井村雅代さんといえば、かつては日本シンクロのコーチとして全メダル獲得に貢献した。
今は中国のヘッドコーチとして、ロンドン五輪でも銀と銅を中国チームにもたらした。
日本!日本!の大合唱に少々疲れ気味の私には、今朝の朝日新聞記事「人魚を泳がせるためならば」西村欣也記者記事 は興味深かった。
彼女が日本を脱出して中国のコーチに就いた経緯は詳しくはわからないが想像はできる。
早い話が、日本でシンクロのコーチをやりずらくなった。
狭い業界のことだからありうること。
そして、井村コーチは強烈な個性の持主。
売国と非難されたという。
そういう了見の狭い人はいる。
しかし考えてみれば、近代スポーツはほとんど海外の技術を導入してレベルを上げたもの。
サッカーのドイツ人コーチが日本男子サッカー唯一のメダル獲得に貢献したことは有名だし、ザッケローニ監督の祖国と、さむらいジャパンがワールドカップで戦うことだって当然ありうる。
レベルの高い国の指導者が他国のチームのレベルアップに貢献することはスポーツ界では当たり前なのだ。

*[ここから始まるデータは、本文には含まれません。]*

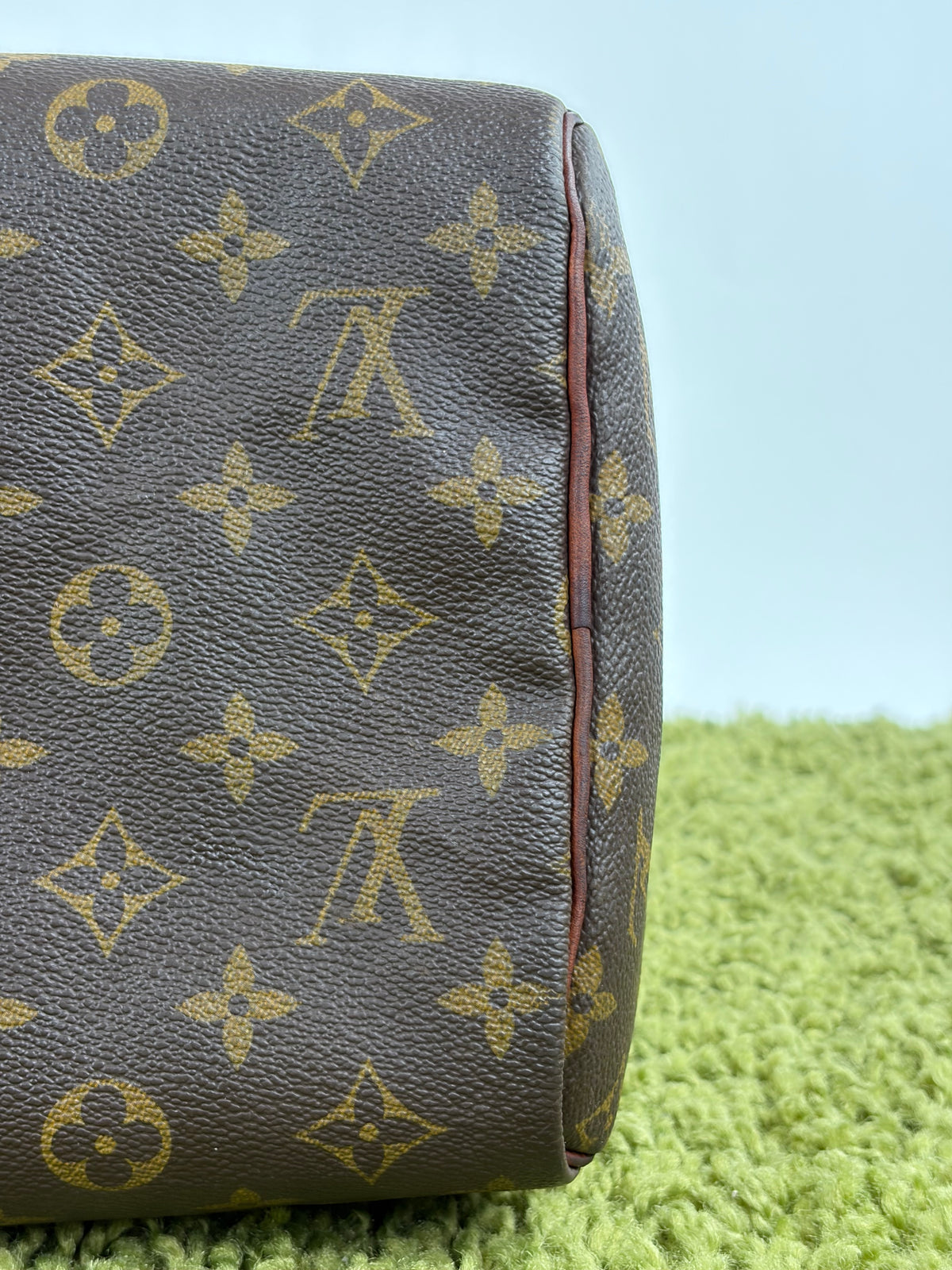 Borsa Louis Vuitton Speedy Marrone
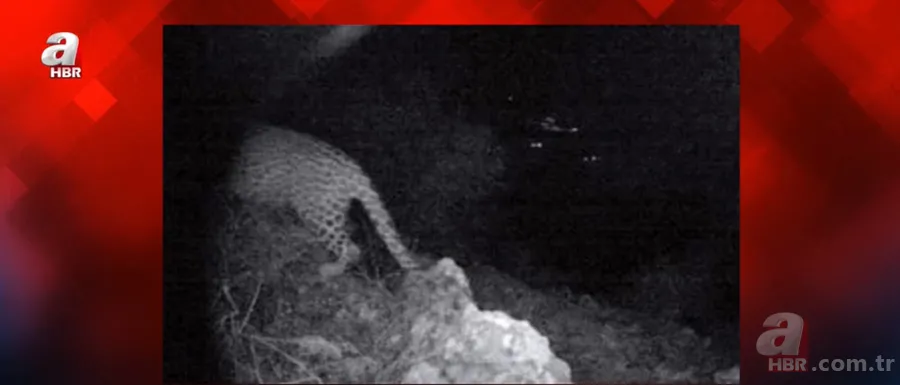 Cezası 1 milyon TL! Nesli tükenen tür 18 ilde aranacak 9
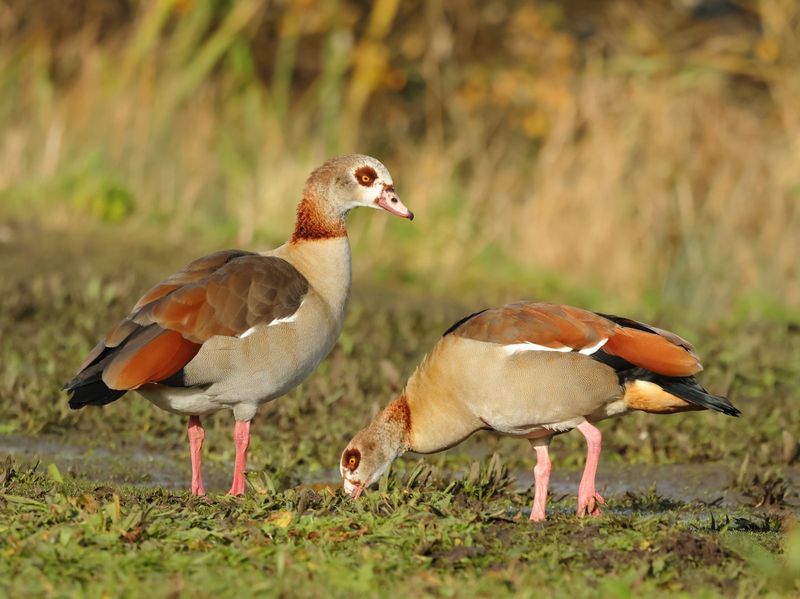 MAP: Egyptian Goose - Alopochen aegypticus (Nijlgans)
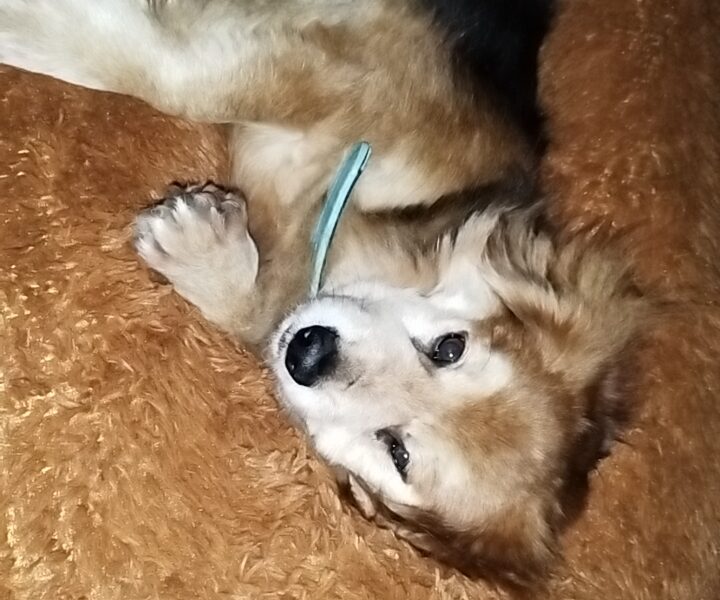 Zaginął piesek Dżon - Ujazd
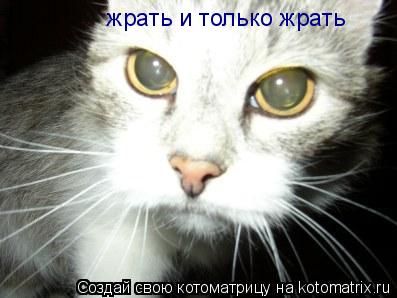 жрать и только жрать... Котоматрица: жрать и только жрать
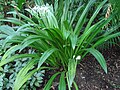 Hymenocallis speciosa Salisb.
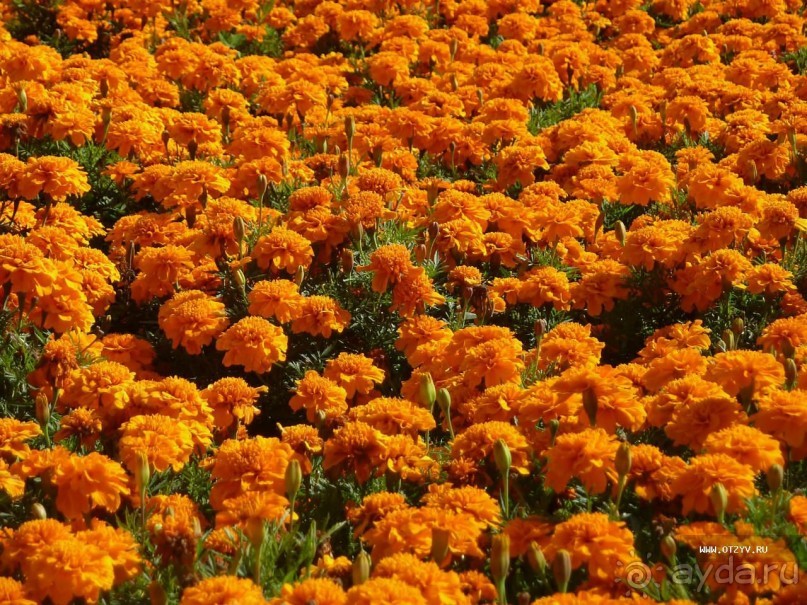 50 мест и событий, которые надо посетить в Петербурге. Часть 2. Осень, зима, весна.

レベルの低い国のレベルを高めて、レベルの高い試合をすることこそ意味のあることではないか。
「人魚を泳がせるためならば」、どこまでもいく指導者こそ、なでしこの進化であり、なでしこインターナショナルの未来像ではないだろうか。
なでしこは、すでにその次元まで来ているように思う。
朝日新聞記事「人魚を泳がせるためならば」では、井村コーチと長嶋茂夫氏の対談の様子が描かれている。
アテネ五輪の1年前のこと。
長嶋「われわれは、日本最高のシェフを3人つれていっておりますからね。選手や、お二人とも、食べにいらっしゃってください」
長嶋一流のリップサービスだったのかもしれない。しかし井村の返事は意外なものだった。
井村「そんなことを言うているから、あかんのですよ。シンクロは出されるものはなんでも食べる。食べるもの仕事。何が出てきてもね。男の子はあかんなあ」
西村氏は長嶋がたじろぐのを初めて見たという。
この逸話は、恵まれた男子野球とその指導者に対して、這いつくばってメダルを獲得している女子指導者の心のありようをよく現わしている。
世界に飛躍するのは長嶋ではなく井村だったことがよくわかる。
なでしこの未来形は、井村コーチの視線の先にあるはず。
男子サッカーの懐から独り立ちする時が必ず来る。
そのときこそ、なでしこインターナショナルが実現する時だ。